There is nothing to stop you putting everyone in the container called
"global_heap", and working with integer indices thereafter. This is
exactly back to ye olde C pointers. The point is the default behaviour
in C is unsafe, but you can make is safe. I propose to make the
default behaviour safe, but you can explicitly make it unsafe.

> Another example is a program accessing some file on the disk.  If I
> move the file into a different folder, I want that program to still
> access the file; it shouldn't have to know that the file has 'moved'.
> (Most OSes don't give you this, unfortunately.)
In Linux "mv old.name new/place;ln -s new/place old.name". But I
really wouldn't like that to be the default behaviour of move.

> > Now the integer index of the object in the container provides all the
> > functionality of a traditional pointer, but in a local, not global
> > namespace. It is also just a plain old integer, and hence is amenable
> > to all the fun things one can do with integers.
> 
> What fun thing would you like to do with this integer?  :)  I can't
> think of anything really useful to do with it.  If I have a reference
> to you (your room + your integer), does it help to multiply your
> integer index by four?  

Yes, if you know that every fourth person in the room, (as numbered),
is an elligible person of your sexual orientation.

In C you can do fun things like trot up and down arrays with pointers
in arbitary steps. Pascal pointers are boring. You can only follow
them. 

If you have two structures "in sync" with each other, you can transfer
the integer offset of the one pointer to access the corresponding
object in the other structure. The notion of correspondence is quite
universal. 

Admittedly these practices are unsafe, that is why I have doubts
about it.

> I would also like to have containers that have references (aliases) to
> other objects.  For example, a list of all the books that I own.  Do I
> need to store a pair (room, index) for each book?  What if the book
> moves?  Why should my list have to change?  The traditional
> pointer/reference model is good for things like this.

Yes. It is good at creating complex webs. But complex webs are unsafe,
and can be represented in other ways. Look to the database
world. Databases once were hairy things that created complex webs of
pointers. Now no one will even admit that their database isn't
relational. (Even if it isn't). The relational model has won
overwhelmingly. Think of your example above in terms of building a 4th
normal form database. A notable feature of a 4th normal form database
vs the old all-in-one-with-pointers-everywhere is the proliferation of
smaller tables (relations), with entries that are indices of some form
into another small table.

> I think it'd be nice to have a language that distinguishes two kinds
> of variables -- "contains" and "refers to".  

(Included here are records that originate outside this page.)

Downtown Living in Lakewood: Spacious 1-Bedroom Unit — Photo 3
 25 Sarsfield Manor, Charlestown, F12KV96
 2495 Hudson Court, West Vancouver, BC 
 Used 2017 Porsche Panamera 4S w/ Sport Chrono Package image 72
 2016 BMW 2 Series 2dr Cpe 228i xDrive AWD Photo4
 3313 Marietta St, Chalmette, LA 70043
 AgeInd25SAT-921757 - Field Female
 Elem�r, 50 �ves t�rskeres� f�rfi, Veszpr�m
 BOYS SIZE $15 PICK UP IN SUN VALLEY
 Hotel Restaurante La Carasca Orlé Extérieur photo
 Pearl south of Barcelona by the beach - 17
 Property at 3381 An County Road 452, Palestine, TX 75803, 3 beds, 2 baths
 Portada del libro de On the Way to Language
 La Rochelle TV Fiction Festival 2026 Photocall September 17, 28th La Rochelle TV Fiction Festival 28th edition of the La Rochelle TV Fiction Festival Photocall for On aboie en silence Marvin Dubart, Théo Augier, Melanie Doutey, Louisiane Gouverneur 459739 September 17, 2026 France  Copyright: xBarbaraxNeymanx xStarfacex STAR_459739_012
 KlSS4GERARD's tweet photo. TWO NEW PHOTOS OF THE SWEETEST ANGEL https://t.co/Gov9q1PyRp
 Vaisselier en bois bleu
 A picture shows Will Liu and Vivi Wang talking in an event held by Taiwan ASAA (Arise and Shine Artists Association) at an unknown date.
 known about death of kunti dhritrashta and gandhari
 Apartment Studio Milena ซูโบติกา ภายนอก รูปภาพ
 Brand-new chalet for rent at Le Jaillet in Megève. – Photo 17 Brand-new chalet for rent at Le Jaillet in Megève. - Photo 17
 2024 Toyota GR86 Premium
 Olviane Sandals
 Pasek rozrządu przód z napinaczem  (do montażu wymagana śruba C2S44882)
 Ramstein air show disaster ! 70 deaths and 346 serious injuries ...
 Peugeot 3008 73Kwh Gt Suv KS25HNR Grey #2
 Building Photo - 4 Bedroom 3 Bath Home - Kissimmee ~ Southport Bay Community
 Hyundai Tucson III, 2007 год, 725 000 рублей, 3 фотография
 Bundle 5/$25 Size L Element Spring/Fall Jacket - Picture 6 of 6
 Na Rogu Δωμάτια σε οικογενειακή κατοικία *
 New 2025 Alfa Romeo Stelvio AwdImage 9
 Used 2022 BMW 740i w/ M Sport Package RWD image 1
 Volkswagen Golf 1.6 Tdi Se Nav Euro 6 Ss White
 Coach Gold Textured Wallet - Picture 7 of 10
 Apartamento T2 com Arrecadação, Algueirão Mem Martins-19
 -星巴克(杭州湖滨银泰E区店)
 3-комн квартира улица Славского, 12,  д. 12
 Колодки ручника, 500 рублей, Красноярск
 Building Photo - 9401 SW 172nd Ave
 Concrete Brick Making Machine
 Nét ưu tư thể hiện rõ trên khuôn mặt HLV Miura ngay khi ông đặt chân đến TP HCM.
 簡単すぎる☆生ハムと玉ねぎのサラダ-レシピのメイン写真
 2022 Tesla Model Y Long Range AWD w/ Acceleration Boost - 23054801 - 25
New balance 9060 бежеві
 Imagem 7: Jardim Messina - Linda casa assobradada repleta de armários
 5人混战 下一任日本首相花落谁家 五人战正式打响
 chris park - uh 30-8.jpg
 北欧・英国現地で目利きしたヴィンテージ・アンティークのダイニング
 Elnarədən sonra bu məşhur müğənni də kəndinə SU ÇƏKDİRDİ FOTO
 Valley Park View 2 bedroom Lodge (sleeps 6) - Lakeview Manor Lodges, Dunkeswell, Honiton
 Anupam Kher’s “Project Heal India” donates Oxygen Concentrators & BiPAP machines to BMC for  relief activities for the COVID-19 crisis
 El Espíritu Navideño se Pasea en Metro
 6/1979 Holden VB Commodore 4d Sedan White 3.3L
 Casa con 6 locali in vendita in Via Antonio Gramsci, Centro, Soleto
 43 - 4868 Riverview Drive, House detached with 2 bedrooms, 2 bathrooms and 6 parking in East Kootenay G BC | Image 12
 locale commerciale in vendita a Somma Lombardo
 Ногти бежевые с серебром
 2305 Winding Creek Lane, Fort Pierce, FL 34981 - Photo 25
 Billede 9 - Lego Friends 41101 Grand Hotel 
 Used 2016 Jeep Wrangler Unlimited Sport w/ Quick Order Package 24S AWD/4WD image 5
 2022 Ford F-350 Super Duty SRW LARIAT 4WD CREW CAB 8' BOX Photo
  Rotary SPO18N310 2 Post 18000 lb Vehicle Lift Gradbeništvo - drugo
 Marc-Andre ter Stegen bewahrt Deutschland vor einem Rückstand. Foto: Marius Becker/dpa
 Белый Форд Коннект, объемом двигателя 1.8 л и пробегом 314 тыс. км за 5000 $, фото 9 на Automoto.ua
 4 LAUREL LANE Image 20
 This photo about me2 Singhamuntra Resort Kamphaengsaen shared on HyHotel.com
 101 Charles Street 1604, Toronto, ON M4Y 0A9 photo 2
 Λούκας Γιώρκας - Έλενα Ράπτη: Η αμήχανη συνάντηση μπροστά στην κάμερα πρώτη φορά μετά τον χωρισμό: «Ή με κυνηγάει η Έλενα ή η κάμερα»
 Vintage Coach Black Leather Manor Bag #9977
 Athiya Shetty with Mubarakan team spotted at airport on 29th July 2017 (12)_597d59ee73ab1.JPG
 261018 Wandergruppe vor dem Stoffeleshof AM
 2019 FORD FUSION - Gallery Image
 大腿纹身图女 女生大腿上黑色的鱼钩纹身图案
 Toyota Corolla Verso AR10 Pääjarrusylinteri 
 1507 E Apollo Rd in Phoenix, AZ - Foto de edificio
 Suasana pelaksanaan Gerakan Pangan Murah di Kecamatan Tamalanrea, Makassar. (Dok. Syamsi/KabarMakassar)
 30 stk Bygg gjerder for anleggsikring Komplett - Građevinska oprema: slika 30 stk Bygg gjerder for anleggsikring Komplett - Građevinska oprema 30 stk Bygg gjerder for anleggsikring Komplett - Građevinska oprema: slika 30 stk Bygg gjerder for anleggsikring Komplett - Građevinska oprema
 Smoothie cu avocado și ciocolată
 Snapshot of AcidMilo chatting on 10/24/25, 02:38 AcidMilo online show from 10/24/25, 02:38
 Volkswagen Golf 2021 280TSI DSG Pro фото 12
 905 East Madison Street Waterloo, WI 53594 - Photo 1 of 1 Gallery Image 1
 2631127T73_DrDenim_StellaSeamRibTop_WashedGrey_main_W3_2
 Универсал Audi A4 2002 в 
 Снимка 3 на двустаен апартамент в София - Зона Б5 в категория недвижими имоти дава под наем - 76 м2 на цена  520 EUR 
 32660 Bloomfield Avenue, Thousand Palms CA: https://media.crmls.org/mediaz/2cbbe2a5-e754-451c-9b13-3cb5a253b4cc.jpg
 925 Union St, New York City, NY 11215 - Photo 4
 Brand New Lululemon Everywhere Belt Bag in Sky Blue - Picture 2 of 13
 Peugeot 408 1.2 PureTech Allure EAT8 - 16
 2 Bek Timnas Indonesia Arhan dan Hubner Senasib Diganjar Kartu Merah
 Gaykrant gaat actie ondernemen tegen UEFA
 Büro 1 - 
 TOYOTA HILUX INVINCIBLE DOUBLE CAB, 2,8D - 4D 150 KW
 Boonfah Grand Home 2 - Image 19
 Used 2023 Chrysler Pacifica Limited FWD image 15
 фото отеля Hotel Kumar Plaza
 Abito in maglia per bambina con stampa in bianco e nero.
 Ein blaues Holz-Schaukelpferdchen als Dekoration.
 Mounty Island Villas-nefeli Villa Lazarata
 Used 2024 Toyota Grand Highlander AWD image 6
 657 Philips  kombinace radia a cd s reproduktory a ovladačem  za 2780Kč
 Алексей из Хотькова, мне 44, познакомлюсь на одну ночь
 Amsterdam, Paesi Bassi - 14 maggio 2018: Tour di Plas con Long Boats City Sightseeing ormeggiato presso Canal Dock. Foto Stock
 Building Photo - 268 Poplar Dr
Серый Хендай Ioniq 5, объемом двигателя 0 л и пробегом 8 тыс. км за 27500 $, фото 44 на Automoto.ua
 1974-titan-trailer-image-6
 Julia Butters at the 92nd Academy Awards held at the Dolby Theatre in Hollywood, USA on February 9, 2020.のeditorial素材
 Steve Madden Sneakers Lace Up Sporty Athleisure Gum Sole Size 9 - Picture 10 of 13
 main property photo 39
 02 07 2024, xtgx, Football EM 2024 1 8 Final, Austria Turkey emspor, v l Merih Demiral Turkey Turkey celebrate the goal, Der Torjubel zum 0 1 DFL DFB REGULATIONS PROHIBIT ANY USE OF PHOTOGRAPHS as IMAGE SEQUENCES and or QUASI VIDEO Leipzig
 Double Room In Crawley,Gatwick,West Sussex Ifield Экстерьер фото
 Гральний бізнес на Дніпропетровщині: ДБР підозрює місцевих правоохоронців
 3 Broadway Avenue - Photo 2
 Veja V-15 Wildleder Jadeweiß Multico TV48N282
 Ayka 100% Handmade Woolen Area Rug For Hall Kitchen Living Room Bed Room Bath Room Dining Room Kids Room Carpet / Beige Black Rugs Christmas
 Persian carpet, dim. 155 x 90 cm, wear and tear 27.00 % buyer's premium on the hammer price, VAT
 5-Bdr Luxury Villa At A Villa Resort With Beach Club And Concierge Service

How about one of ("contains" and "contains reference to") or ("refers
to" and "refers to container") to orthogonalize the language. My
proposal is the "contains" and "contains reference to" flavour.

> Have you done any more designing for your programming language?

If you are interested, I can private email some other scribblings to
you for comment. I'm very much at the conceptual design / analysis of
existing designs / reading stage, rather than implementation.


John Carter                    EMail: ece@dwaf-hri.pwv.gov.za
Telephone : 27-12-808-0374x194 Fax:- 27-12-808-0338

Founder of the Council for Unnatural Scientists.